Go slow and give each step time to work. I have a set of the screw extractors mentioned earlier and they do help - sometimes.

Good luck

:mmmbeer Tom


----------



## beulahboy (Oct 4, 2007)

Aerokroil is available at Motion Industries on Palafox- they sell it there!


----------



## Private Pilot (Oct 3, 2007)

Problem solved. I found some special screw extractors from Lowes. Worked like a charm. Both screws came out easily.


----------



## Emerald Ghost (Mar 11, 2008)

oldflathead I do it all the time. 

Try PB Blaster or I use one that is better, "Aerokroil", not available at stores. Soak it a few days, then try a small tip impact driver. If that does not work, it is time for the famous, "Heat Wrench". First try a heat gun or hair dryer, sometimes that is enough. If not, I try my propane torch next. If that does not do it, I use my acetelyne torch.

Tom

----------------------------------------------------------------------------------------------------------------

Thanks for the tip, with the heat wrench Tom.
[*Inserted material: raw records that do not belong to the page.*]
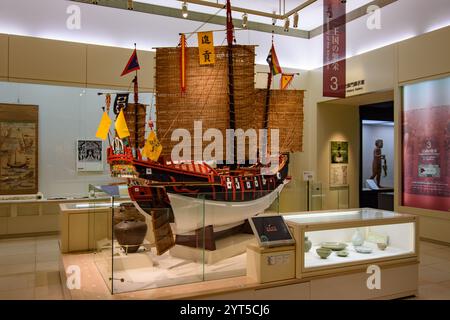 Mostra di manufatti al Museo e Museo d'Arte della Prefettura di Okinawa a Naha, capitale della prefettura di Okinawa in Giappone, il 28 febbraio 2018 Foto Stock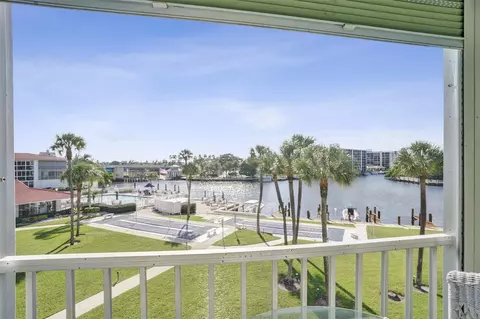 105 NE 19th Ave #352, Deerfield Beach, FL 33441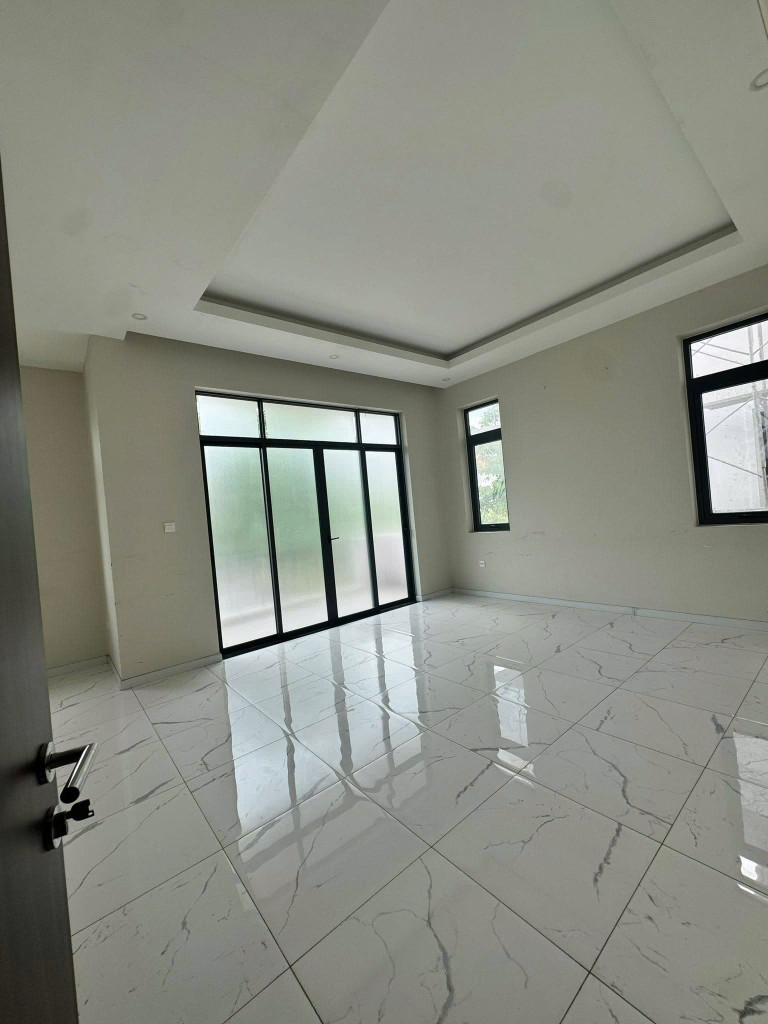 BDS HVL - Cho thuê Biệt Thự Kdc Hưng Phú,Phước Long B, Ngay Vong Xoay liên Phường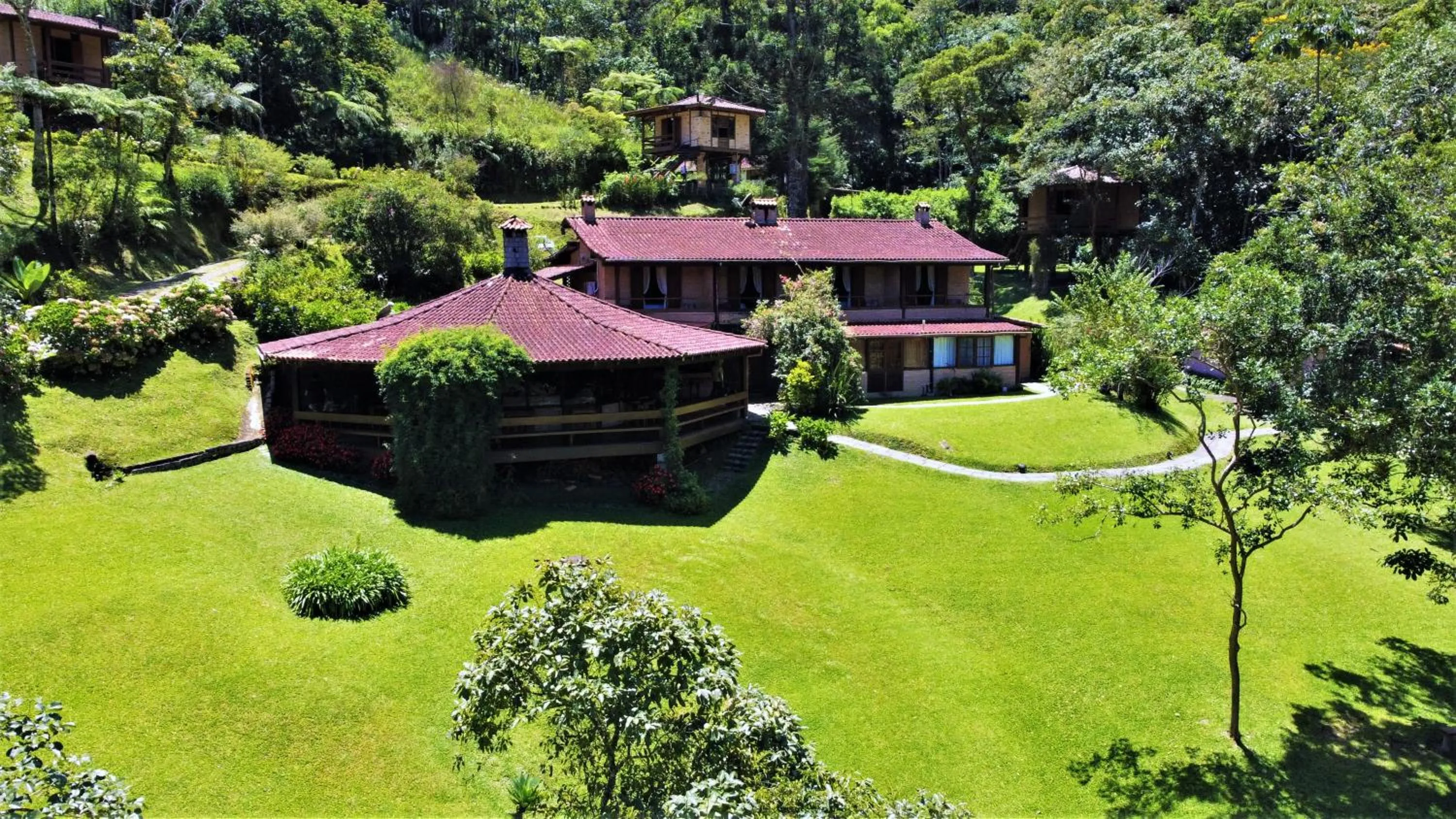 Property building in Pousada Tijupá
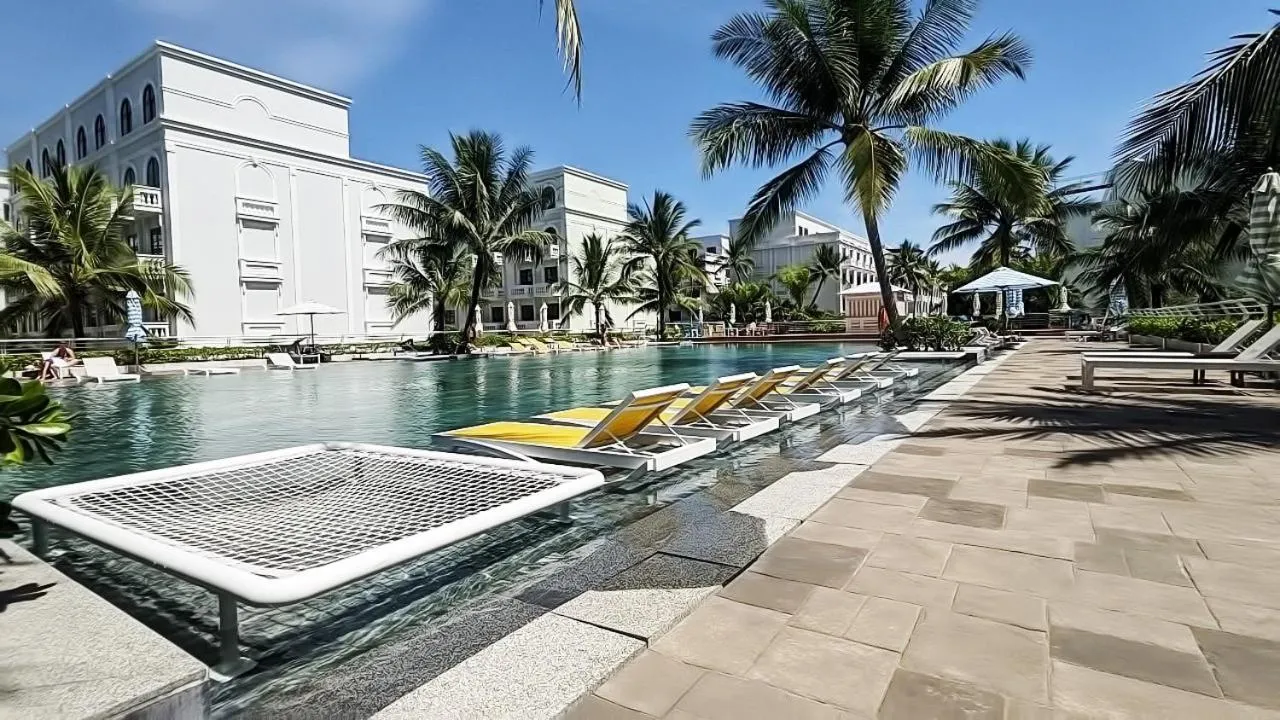 Swimming pool in Anna Beach Phú Quốc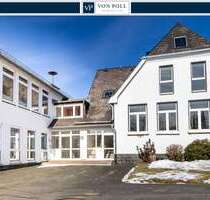 Haus zum Kaufen in Winterberg Neuastenberg 480.000,00 € 411 m² - Winterberg / Neuastenberg
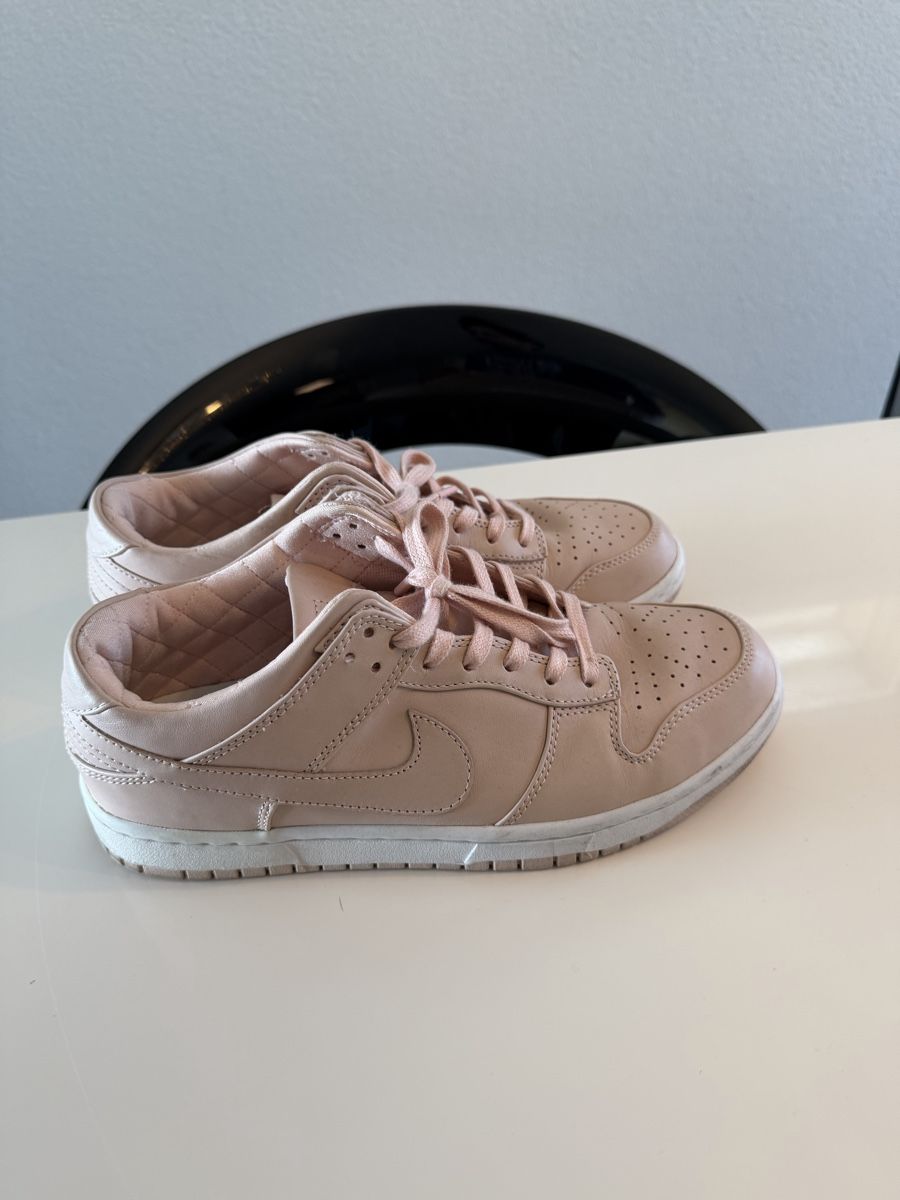 Nike Scarpe da uomo: Nike Dunk Rosa  – Nuovo (secondo la descrizione) da Wetzikon ZH venduto da Alioc66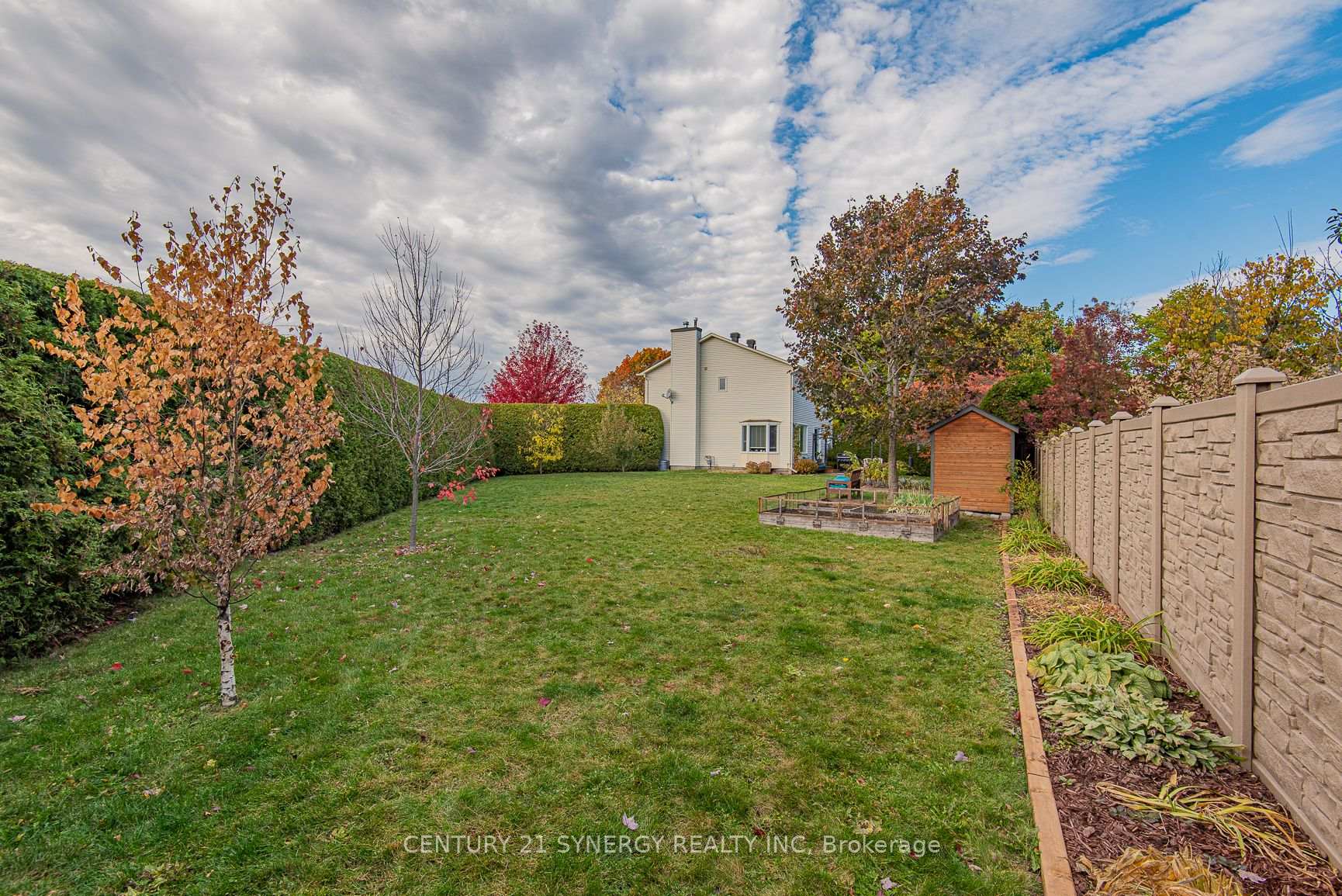 Photo 30 of 1665 Champneuf Drive, Ottawa, Chateauneuf — HOMEH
One item that I have found useful is a roto zip. I'll cut a slot groove in the head, and then use a big flathead screwdriver and it is very effective.


----------



## Orion45 (Jun 26, 2008)

> *Private Pilot (5/2/2009)*Problem solved. I found some special screw extractors from Lowes. Worked like a charm. Both screws came out easily.


What brand? Do you have the Lowe's item number? Thanks.


----------